At the same time, much of my understanding comes from lived experience itself—especially observing women’s bodies, silences, resilience, and invisible emotional labor across generations.
Female Slaughter Is Prohibited. 2025
ND: Developing an artistic practice demands years of commitment and discipline. What kind of physical or emotional care does your body require to sustain that level of dedication over time?
S.A: For many years, I ignored my body while trying to produce work constantly. But I gradually understood that artistic practice cannot survive without care. Rest, solitude, emotional boundaries, and moments of silence have become essential for me. Emotionally, I need honesty and periods of withdrawal from noise. Painting requires openness, but openness can also be exhausting. I have learned that protecting my inner world is part of protecting the work itself.
Motherhood also changed my understanding of care. It made me more aware of the body not only as a site of struggle, but also as a source of tenderness, endurance, and renewal.
ND: Your work is deeply rooted in the body as a site of memory and lived experience. These experiences are often shaped by visible identity, race, gender, and age. Has your understanding of these identities shifted or evolved through your ongoing engagement with painting the body?
Yes, absolutely. Through painting, I became increasingly aware that identity is not fixed; it is layered, unstable, and constantly negotiated. Gender, race, and age are not only social categories, they are experiences lived physically and psychologically through the body. As my work evolved, I became less interested in representation as description and more interested in the invisible emotional structures surrounding identity: fear, inheritance, survival, exclusion, desire, and memory.
I think painting allowed me to move beyond simplified definitions of identity toward something more fluid and human. The body in my work is never only an individual body. It carries collective histories and shared emotional experiences.
Venus Rebirths, 2021.
ND: The female body undergoes continuous transformation—daily, monthly, and across different life stages such as puberty, adulthood, pregnancy, and menopause. Which of these rhythms or transitions most influences your representation of the female body in your work?
S.A: What interests me most is transformation itself, the idea that the female body is never static. I am deeply drawn to moments where the body changes psychologically and physically at the same time.
Pregnancy and motherhood, for example, profoundly influenced my understanding of the body as something multiple rather than singular. It became impossible for me to think of the body as isolated; it felt connected to cycles of creation, vulnerability, nourishment, and loss.
But I am equally interested in quieter transitions—the invisible emotional mutations that happen with age, memory, disappointment, desire, and survival.
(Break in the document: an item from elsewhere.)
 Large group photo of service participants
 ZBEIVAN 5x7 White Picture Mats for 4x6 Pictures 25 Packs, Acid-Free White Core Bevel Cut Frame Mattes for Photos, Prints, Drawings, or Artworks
These subtle transformations often appear in my work through hybrid bodies that seem to grow, dissolve, or merge with other living forms.
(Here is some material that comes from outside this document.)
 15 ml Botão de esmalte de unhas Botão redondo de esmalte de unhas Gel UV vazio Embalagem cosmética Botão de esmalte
ND: What are one vulnerable and one affirming bodily experience you’ve had that have significantly shaped your relationship to your body?
S.A: One vulnerable experience was realizing how much fear and silence the body can carry without speaking. There were moments in my life when emotional pain manifested physically, and I understood that the body records experiences long before the mind fully understands them. That realization deeply shaped my work.
An affirming experience was motherhood. It transformed my relationship with my body completely. It allowed me to experience the body not only as something exposed to judgment or vulnerability, but also as a source of creation, protection, and immense emotional strength.
Through both experiences, I learned to see the body less as an object to control and more as a living archive of survival, tenderness, and transformation.